Task details
In the records below, one line contains "La Une afişi". Print that line and every line after it exactly, down to the final one.

◇ ◇ ◇ ◇

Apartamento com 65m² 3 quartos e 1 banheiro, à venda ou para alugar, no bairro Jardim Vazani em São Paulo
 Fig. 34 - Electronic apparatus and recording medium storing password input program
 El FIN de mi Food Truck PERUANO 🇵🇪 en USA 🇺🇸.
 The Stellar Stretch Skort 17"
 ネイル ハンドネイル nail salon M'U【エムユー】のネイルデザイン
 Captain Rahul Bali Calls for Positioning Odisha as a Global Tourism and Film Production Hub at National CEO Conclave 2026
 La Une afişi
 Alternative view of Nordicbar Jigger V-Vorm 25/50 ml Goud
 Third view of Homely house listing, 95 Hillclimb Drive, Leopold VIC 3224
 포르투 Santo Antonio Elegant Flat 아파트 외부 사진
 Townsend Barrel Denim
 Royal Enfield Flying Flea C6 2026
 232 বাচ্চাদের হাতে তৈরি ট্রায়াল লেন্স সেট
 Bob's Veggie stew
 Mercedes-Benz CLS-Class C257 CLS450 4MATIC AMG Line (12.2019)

◇ ◇ ◇ ◇

Reply
 La Une afişi
 Alternative view of Nordicbar Jigger V-Vorm 25/50 ml Goud
 Third view of Homely house listing, 95 Hillclimb Drive, Leopold VIC 3224
 포르투 Santo Antonio Elegant Flat 아파트 외부 사진
 Townsend Barrel Denim
 Royal Enfield Flying Flea C6 2026
 232 বাচ্চাদের হাতে তৈরি ট্রায়াল লেন্স সেট
 Bob's Veggie stew
 Mercedes-Benz CLS-Class C257 CLS450 4MATIC AMG Line (12.2019)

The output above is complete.